The Fourth Circuit found that the Woodsons’ breach of contract claim was barred by the one-year statute of limitations found in 42 U.S.C. § 4072, 44 C.F.R. § 62.22, and the Insurance Policy. It noted that the aggregate of the aforementioned provisions establish that (1) the limitations period of one year begins to run from the date that all or part of the claim is denied; (2) that the action may be filed only in a U.S. District Court; (3) that the U.S. District Court must be where the property is located; and (4) that these requirements and restrictions apply not only to “any claim . . . under the policy,” but also to “any dispute . . . arising out of the handling of any claim under the policy.” It reasoned that because the Woodsons failed to file their complaint in U.S. District Court within one year of the denial-of-coverage letter, both claims were barred.

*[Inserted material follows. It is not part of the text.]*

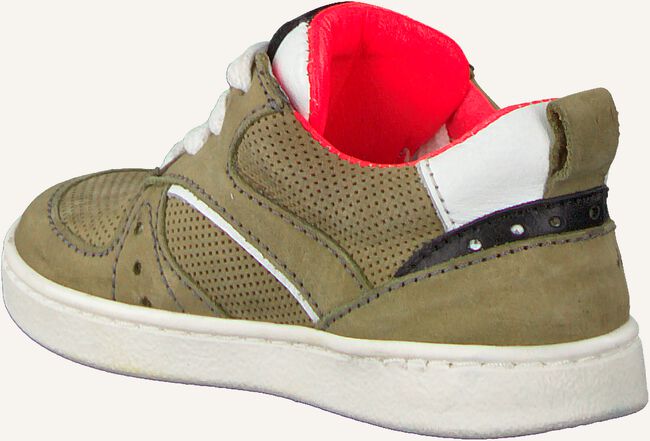 Groene JOCHIE & FREAKS Lage sneakers 19202 Groene JOCHIE & FREAKS Lage sneakers 19202 - large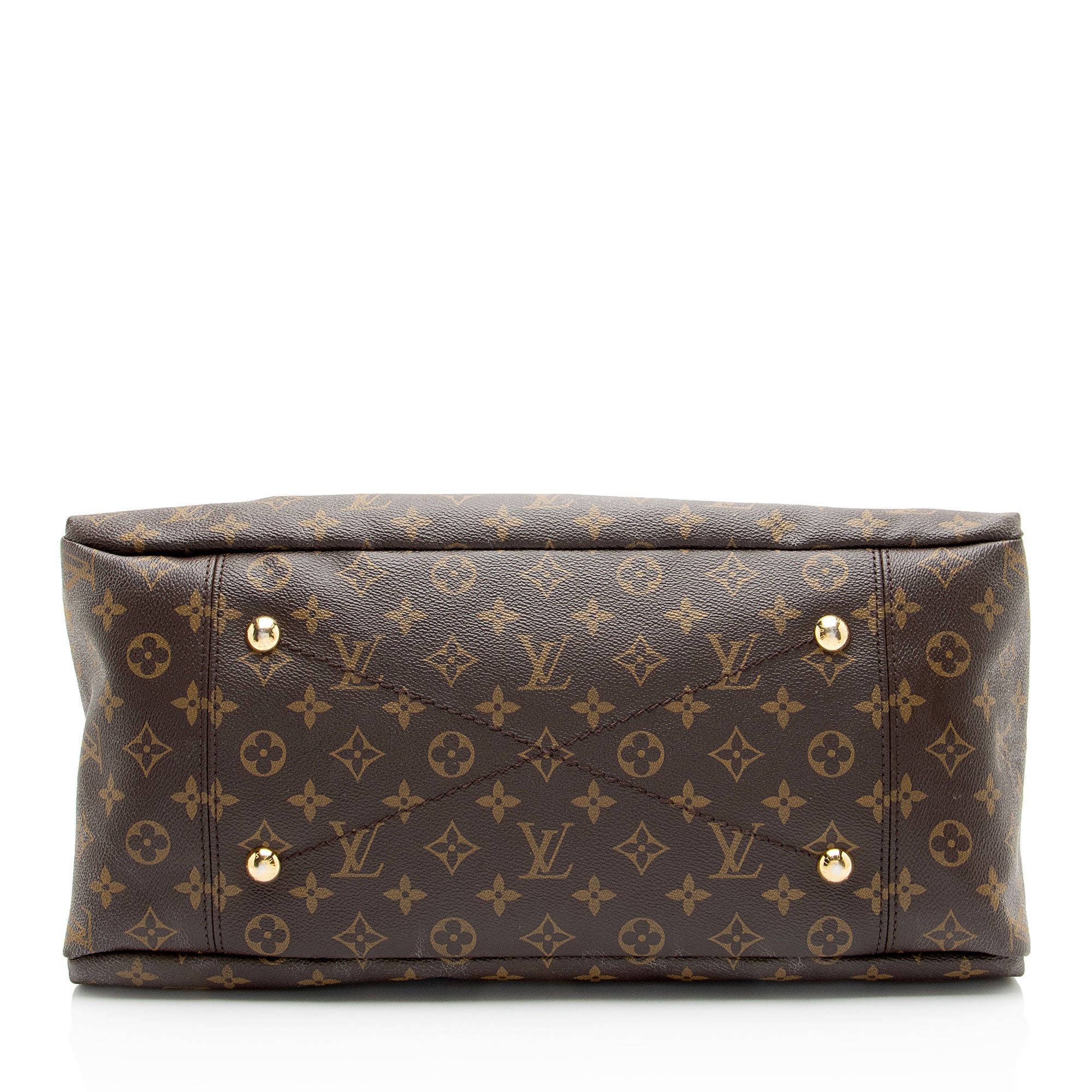 Louis Vuitton Monogram Canvas Artsy MM Shoulder Bag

The court rejected the Woodsons’ argument that the statute of limitations should be tolled by their filing of a complaint in state court because the state court lacked jurisdiction in the first place. The court also rejected the Woodsons’ argument that Allstate waived its statute of limitations defense by not presenting it to the district court, because the district court was presented with the limitations issue and relevant evidence, and the Woodsons were aware that the issue was before the court. Accordingly, the statute of limitations defense was sufficiently preserved for review upon appeal.
The Fourth Circuit also found that the Woodsons’ claim against Allstate for bad faith handling of their claim under the North Carolina Unfair and Deceptive Trade Practices Act was preempted by federal law and therefore barred. The Fourth Circuit reasoned that the insurance policy the Woodsons purchased was fully regulated by federal law, and state law could not govern claims or disputes involving bad faith handling of the claims; in so doing, the court referenced the policy and federal regulations. Moreover, the court found that “every other circuit to have considered this issue has concluded that state-law claims against write-your-own insurance providers are preempted by federal law.” These circuits are: the Tenth Circuit, the Fifth Circuit, the Third Circuit, the Eleventh Circuit, and the Sixth Circuit.
Lastly, the court recognized that there might be a possibility of bad-faith-handling liability for write-your-own-policy insurers in the federal regulations. However, it noted that such claims would be governed exclusively by federal law; and that this was not at issue on appeal.
In sum, the Fourth Circuit reversed the finding of breach of contract by the district court and reversed the finding of bad faith handling of an insurance claim under North Carolina state law by the district court. It also set aside attorneys’ fees that flowed from the district court’s findings.